Table-Driven Acceptance Testing
I had met Mario Aquino on Saturday, and was interested to hear their viewpoint on FIT, which is what this talk was really about. We use Fitnesse almost exclusively, and other than Excel, I’m still not sure why people would create HTML tables manually. However, Mario had done some interesting things around DoFixtures, and it was an interesting demo. Especially the part where he used Jemmy to talk to his Swing App and drive it. We also talked about maybe driving Selenium in the driven mode using Fitnesse to test web apps.
While that may seem like overkill, it really is nice to be able to have your JUnit tests, and then all of your others controlled with Fitnesse. I’m glad Ward doesn’t read this – he’d probably throw a monitor at me or something. ;)
Pragmatic Tracer Bullets
In my opinion, Jared Richardson’s Pragmatic Tracer Bullet talks was one of the best of the day, and one of the most controversial in our organization. Jared (the author of Ship It!) proposes a “tracer-bullet” process for starting a new project.

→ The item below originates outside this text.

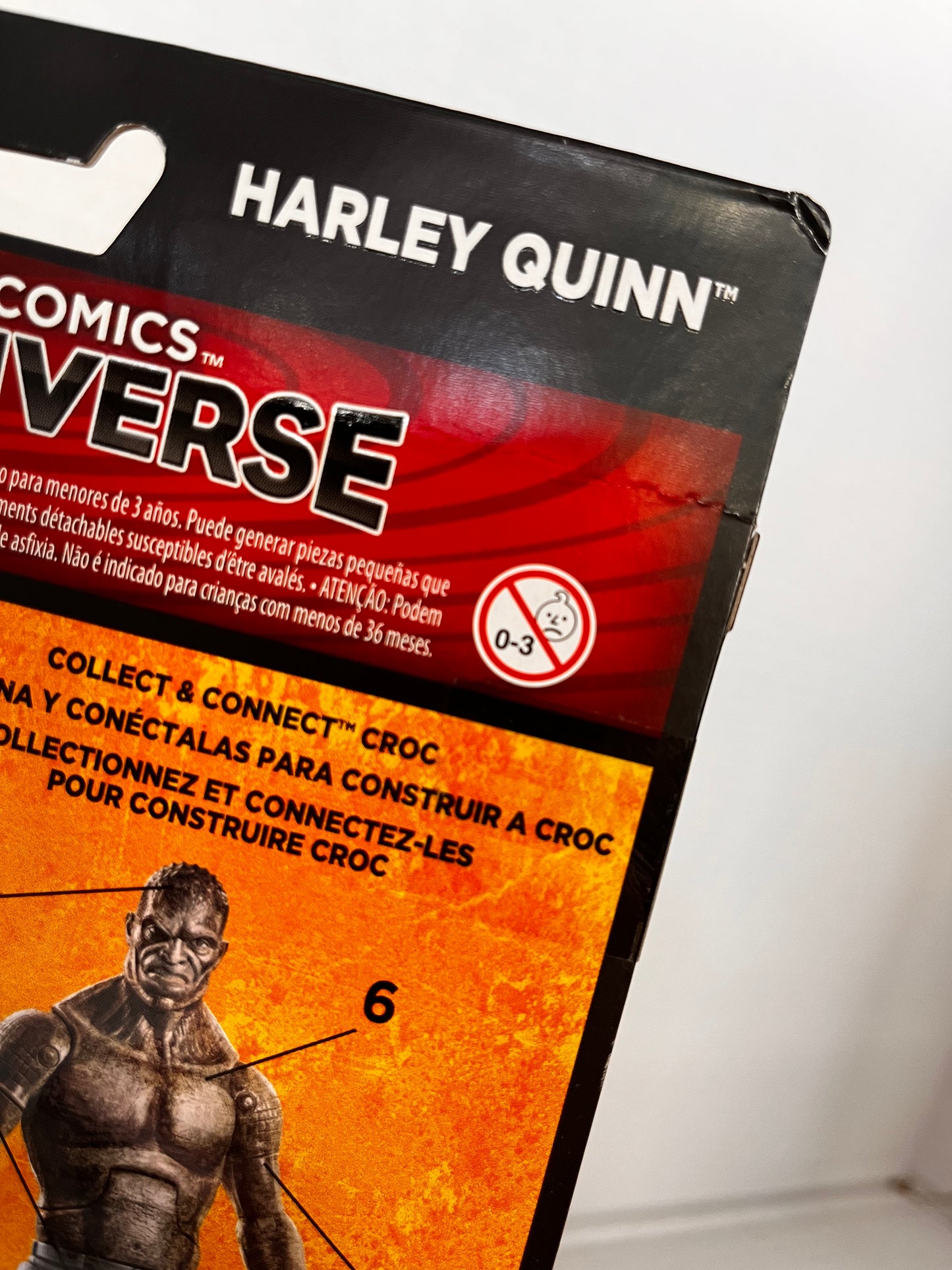 Harley Quinn 6" Mattel DC Comics Multiverse Suicide Squad Action Figure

What is the tracer-bullet? First, you take the requirements and define your System Objects, which should be coarse enough to be able to be deployed seperately on different machines. Next, you propose the interfaces between the objects, connect them using stubs and canned data, add functionality, and then refactor, refine, and repeat.
The problem? Well, it seems like a lot of people think of this process as Big Design Up Front – the antithesis of XP. However, I don’t think that is what Jared was trying to get across at all. I actually felt he was proposing to do the simplest thing possible, except with a little planning ahead of the game. And, unless I have been duped by multiple spoof emails from Mr. Jeffries on the XP list, XP allows this. In fact, it encourages it. It just doesn’t encourage:
- Item 218.4.c.ii.1: The first character of the password may be of the set [a-zA-Z1-9]
- Item 218.4.c.ii.2: The second character of the password may be of the set [a-zA-Z1-9]
- Item 218.4.c.ii.3: The third character of the password may be of the set [a-zA-Z1-9]
Anyway, now that I’ve talked to some people, I think the issue is the terminology of all things. When someone says, “To build a system, first come up with the system objects, then build the interfaces between them, then start building them”, well, I guess they could be confused.
But even when I explained the full concepts (System Objects are tiers like Client/Server/Data Access/Database, interfaces are how we anticipate the layers talking to one another), it was still a stumbling point.
But I think Jared got it right. When we get a requirement in for an app, the first shot at the tiers are usually obvious. For example, if I get a request for an app where a user can go to a web page, enter some information, get a response back (which records the request for billing), I know I have the following tiers:
Client -> Server -> Data Layer -> Database
And I know the interfaces might look like:
- Client -> Server
- Server -> Data Layer
And so on. But, in a small shop where these layers might be the responsibility of a handful of people for all, breaking out from the beginning, because there is no way to work in parallel on the layers – you’re small and serialized. But in a large shop, it very well might make sense.
Ok, enough about that. The last session was Mark Volkmann giving a rapid fire tour of various Ruby tools for editing, building and interacting with objects in Ruby. Perhaps the most interesting part was when he wrote a C++ file, compiled it, used SWIG to generate a wrapper, built an .so, and then called it from Ruby as if it were a normal Ruby object. As easy as he made it look, I was quite impressed.
All in all, I had a wonderful time, and thanks to Jay Zimmerman and the whole NFJS crew for their hard work in bringing this to the area (and many others). We have a lot of people who learned a heck of a lot in such a short time, and who are excited about the various tools available to them in Ruby and Java.